The death of Melvyn Otterstrom proved to be too much for his parents, John and Florence. Family members say neither was the same after their only son was shot.

His father couldn't form a proper sentence for days after he received news of his son's death. His mother suffered from multiple sclerosis and had resisted being in a wheelchair until the sorrow broke her. According to niece Jenny Sedgwick, both deteriorated physically and died less than seven years after the slaying.

But the thing that haunted Florence Otterstrom in the last years of her life was a memory she couldn't shake of a man with red curly hair who came to her son's funeral and tried to convince her that he was one of her son's friends.

"Ronnie Lee Gardner came to the funeral," Sedgwick said.

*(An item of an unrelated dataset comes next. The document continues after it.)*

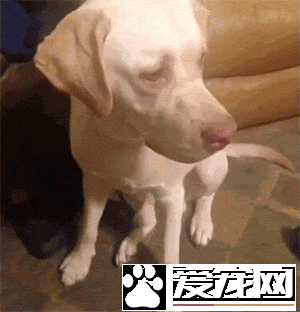 狗是否知道自己是狗？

"He knelt down in front of my grandma and tried to convince her that he was Melvyn's friend from Scouting, but she didn't know who he was. Grandma kept saying, 'No, I don't remember your name, I don't remember you,' and when he left, she said: 'That man had the most evil eyes. I don't know who he was, but he wasn't a friend of Melvyn's.' "

Sedgwick said they lived in a small community and her grandmother would have known who Melvyn's friends were. When Florence Otterstrom saw Gardner's photo in the news, she immediately identified him as the man she had spoken with at the funeral. She attended one of Gardner's hearings a few months later but never went back, saying she couldn't stand to be near him.

"This is the thing that bothers me, that no one knows he's that evil," Sedgwick said. "He murders their son and then tries to convince them that he's their friend … and all the time he's got a smirk on his face because he thinks he's so clever."

Though Gardner was on the lam for almost a month after Otterstrom was killed, making it possible for him to have attended the funeral, the family has struggled to confirm the story. Regardless, it has stuck with them.

"It was real to us," Sedgwick said. "It was real to me. And until the day Grandma died, it bothered her."